I mean it literally: I’m sick, I’m tired. As I sit typing this, I feel like I’m coughing my throat to shreds, and the lethargy has left my eyes half closed. I just turned my head to look to the right for awhile, and I was surprised by a sharp throb in my head. Ugh. I’m sick.
And for the two days I’ll probably take to recover, I’ll treat myself.
Today I’m treating myself to a book that has been on my list for awhile, Elie Wiesel’s Nobel Peace Prize winner, Night, an account of his survival as a teenager in the Nazi death camps. It’s heartbreaking, it’s heart-wrenching, even though I know from reading other books how horrific those camps were. Reading this has been an exquisite experience of the bittersweet kind, particularly as a reminder of what can happen when decent people close their eyes just enough to the realities of politics.
I don’t mean to give a review of the book, though.

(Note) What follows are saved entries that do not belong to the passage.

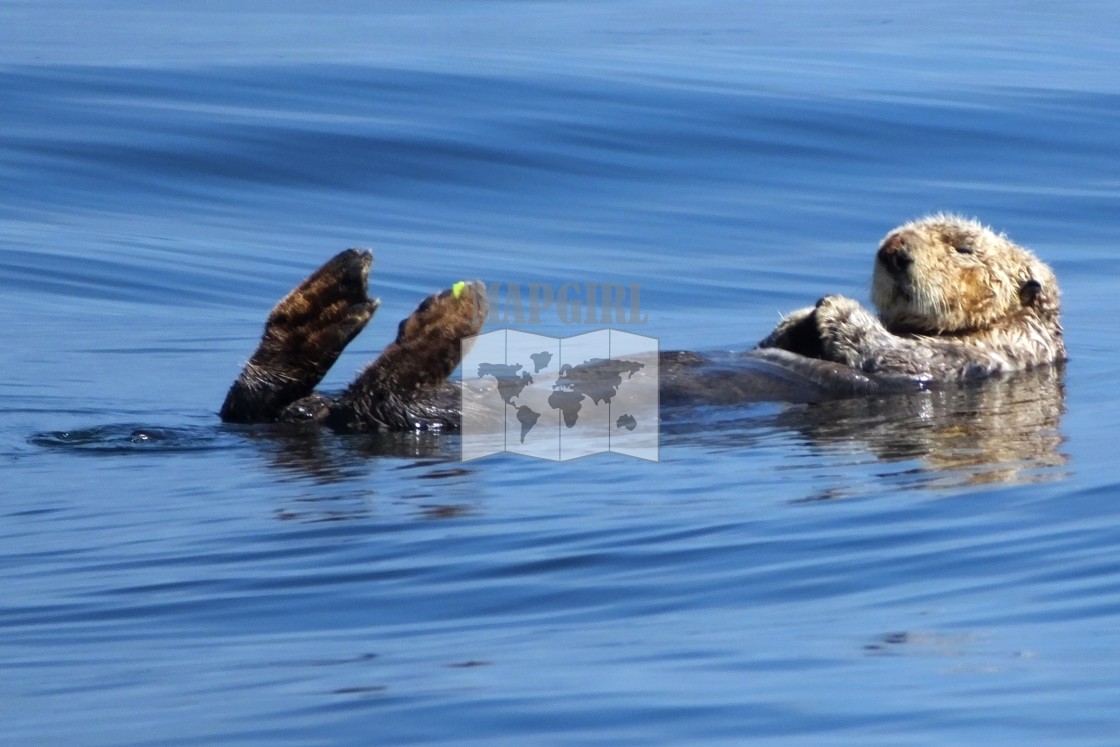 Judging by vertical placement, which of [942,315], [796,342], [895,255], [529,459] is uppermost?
[895,255]

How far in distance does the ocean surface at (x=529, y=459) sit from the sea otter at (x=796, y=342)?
0.15 meters

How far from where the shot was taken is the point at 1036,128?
46.8ft

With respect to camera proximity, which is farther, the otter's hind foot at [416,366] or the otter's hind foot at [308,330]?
the otter's hind foot at [308,330]

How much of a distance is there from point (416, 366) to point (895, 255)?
96.9 inches

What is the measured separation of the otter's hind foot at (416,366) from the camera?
5.40 meters

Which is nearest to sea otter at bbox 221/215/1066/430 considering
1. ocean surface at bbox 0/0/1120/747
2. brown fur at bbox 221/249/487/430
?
brown fur at bbox 221/249/487/430

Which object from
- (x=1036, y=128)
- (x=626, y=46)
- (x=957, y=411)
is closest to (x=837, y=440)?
(x=957, y=411)

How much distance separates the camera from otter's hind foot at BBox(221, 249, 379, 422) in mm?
5539

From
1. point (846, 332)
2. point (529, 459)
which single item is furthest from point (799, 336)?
point (529, 459)

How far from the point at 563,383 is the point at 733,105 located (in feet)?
29.1

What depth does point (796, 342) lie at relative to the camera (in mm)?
7086

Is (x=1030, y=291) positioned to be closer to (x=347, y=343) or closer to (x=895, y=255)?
(x=895, y=255)

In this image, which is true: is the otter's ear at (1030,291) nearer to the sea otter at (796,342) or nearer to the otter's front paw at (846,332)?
the sea otter at (796,342)

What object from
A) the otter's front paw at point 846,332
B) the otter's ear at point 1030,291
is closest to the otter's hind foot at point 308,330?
the otter's front paw at point 846,332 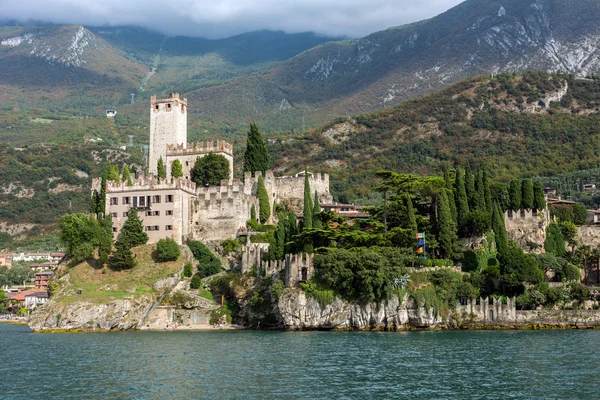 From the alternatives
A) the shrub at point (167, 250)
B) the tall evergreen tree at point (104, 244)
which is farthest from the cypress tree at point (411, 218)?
the tall evergreen tree at point (104, 244)

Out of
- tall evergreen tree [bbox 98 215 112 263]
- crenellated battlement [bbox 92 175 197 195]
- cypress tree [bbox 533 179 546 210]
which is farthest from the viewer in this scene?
crenellated battlement [bbox 92 175 197 195]

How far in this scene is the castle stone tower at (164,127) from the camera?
92938 mm

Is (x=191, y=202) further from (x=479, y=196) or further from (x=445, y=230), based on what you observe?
(x=479, y=196)

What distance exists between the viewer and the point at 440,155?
147m

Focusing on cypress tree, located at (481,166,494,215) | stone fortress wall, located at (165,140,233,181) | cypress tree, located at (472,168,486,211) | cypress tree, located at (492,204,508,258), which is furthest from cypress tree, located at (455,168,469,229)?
stone fortress wall, located at (165,140,233,181)

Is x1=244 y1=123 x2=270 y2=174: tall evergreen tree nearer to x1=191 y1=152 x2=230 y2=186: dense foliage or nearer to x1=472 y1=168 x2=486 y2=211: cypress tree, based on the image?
x1=191 y1=152 x2=230 y2=186: dense foliage

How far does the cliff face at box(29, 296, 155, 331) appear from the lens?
7094 cm

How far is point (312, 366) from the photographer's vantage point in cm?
4422

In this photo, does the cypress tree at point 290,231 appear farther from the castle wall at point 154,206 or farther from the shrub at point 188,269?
the castle wall at point 154,206

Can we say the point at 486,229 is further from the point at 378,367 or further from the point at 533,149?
the point at 533,149

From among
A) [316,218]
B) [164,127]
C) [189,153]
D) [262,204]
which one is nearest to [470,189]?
[316,218]

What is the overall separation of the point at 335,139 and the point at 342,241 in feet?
306

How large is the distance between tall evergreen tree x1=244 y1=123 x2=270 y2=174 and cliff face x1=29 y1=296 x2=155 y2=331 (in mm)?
20702

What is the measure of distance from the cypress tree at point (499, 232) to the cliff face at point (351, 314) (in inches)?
350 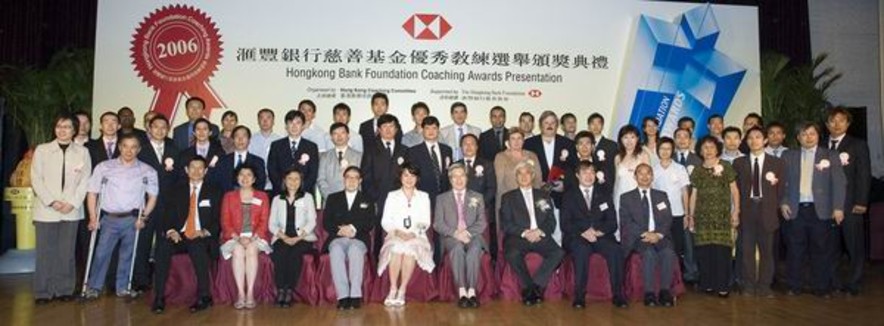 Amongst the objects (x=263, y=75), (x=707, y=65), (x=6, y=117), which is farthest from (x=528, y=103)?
(x=6, y=117)

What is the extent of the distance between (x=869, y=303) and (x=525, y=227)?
2356mm

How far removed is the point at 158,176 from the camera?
4797 mm

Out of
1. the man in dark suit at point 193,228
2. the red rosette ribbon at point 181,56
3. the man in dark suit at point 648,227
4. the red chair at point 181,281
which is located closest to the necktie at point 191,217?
the man in dark suit at point 193,228

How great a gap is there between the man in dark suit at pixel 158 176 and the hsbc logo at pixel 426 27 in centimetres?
260

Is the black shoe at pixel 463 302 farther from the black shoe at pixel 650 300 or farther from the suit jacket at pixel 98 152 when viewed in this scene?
the suit jacket at pixel 98 152

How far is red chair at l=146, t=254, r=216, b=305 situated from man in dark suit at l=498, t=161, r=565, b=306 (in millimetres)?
2058

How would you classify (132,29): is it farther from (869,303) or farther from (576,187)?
(869,303)

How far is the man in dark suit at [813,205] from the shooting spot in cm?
474

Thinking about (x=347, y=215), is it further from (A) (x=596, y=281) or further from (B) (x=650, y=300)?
(B) (x=650, y=300)

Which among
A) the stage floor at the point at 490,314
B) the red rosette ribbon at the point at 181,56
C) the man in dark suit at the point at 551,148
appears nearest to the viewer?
the stage floor at the point at 490,314

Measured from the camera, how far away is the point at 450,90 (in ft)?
21.6

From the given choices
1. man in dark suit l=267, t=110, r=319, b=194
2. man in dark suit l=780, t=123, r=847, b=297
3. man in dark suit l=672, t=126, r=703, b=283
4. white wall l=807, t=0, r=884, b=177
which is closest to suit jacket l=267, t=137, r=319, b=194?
man in dark suit l=267, t=110, r=319, b=194

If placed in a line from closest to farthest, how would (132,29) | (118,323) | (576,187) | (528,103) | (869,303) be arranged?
(118,323) → (869,303) → (576,187) → (132,29) → (528,103)

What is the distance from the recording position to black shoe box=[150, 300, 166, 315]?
4145 mm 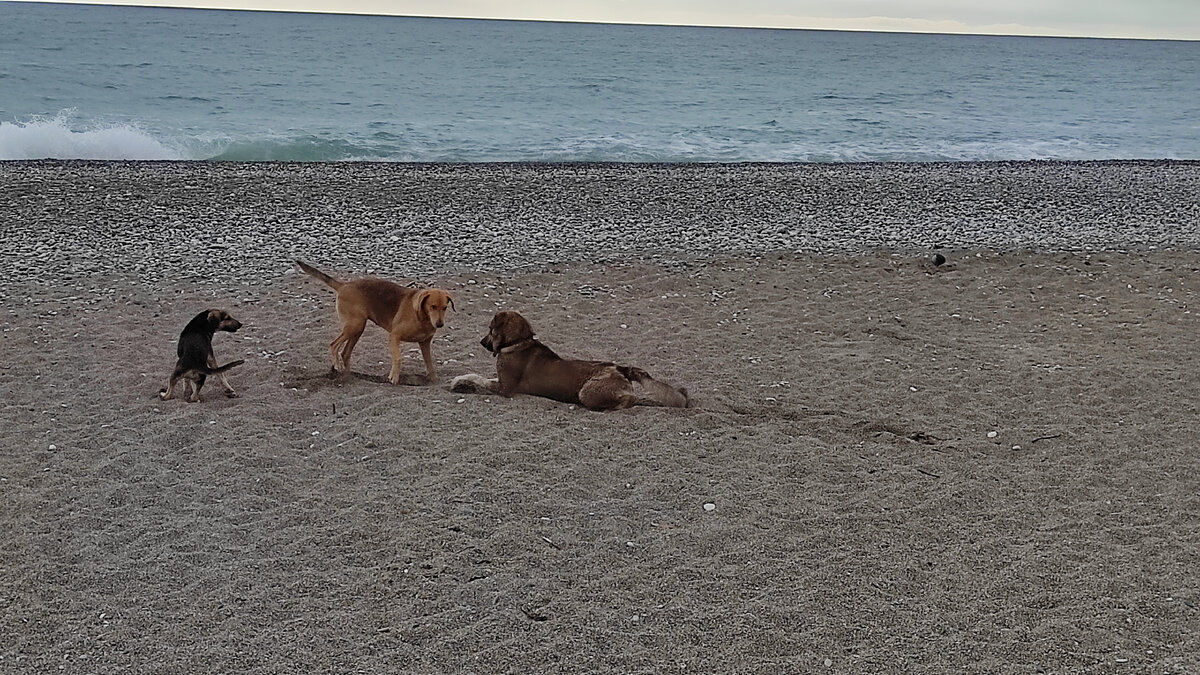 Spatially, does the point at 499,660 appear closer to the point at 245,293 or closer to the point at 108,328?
the point at 108,328

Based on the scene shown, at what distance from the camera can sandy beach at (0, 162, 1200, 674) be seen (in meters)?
3.78

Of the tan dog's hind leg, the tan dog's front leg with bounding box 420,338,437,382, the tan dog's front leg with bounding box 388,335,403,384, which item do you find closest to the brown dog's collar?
the tan dog's front leg with bounding box 420,338,437,382

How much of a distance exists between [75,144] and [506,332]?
60.9ft

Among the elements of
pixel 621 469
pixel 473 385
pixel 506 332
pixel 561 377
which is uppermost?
pixel 506 332

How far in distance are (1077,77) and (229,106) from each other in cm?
4817

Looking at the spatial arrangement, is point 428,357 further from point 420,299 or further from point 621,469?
point 621,469

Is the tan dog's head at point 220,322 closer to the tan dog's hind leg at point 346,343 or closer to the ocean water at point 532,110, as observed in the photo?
the tan dog's hind leg at point 346,343

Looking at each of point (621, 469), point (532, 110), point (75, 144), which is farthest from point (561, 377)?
point (532, 110)

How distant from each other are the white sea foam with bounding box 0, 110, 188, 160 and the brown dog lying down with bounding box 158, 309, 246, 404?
54.0 feet

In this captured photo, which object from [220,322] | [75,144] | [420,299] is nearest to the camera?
[420,299]

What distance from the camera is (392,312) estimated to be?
625cm

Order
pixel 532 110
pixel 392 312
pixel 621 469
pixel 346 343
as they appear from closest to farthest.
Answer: pixel 621 469 → pixel 392 312 → pixel 346 343 → pixel 532 110

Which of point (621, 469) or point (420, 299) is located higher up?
point (420, 299)

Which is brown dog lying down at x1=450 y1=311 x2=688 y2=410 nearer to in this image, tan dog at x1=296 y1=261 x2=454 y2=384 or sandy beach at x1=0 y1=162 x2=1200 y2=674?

What I want to say to all the students who flock daily to my website to read my essays (hi!) is this: I read for fun, and that’s why I write more effectively than most of you. (I also read to improve myself, but I think that’s a topic for another day.)
I appreciate the fact that so many of you are coming here to read my writing, but please register the fact that you need to head out to your libraries and bookshops to get reading material for yourself.
Read for fun. It’ll help.
—
For the adults/parents who don’t understand why I’m advocating reading for fun, see this research overview of what happens when we read for pleasure (spoiler alert: good things happen).
If only our students dislodged their noses away from their endless streams of videos long enough to actually read something, anything! It is not enough to tell them that they need to read. Many English teachers don’t read for pleasure themselves. If they don’t lead by example, why will the students listen? Glad to see that you’re encouraging them to read the right way!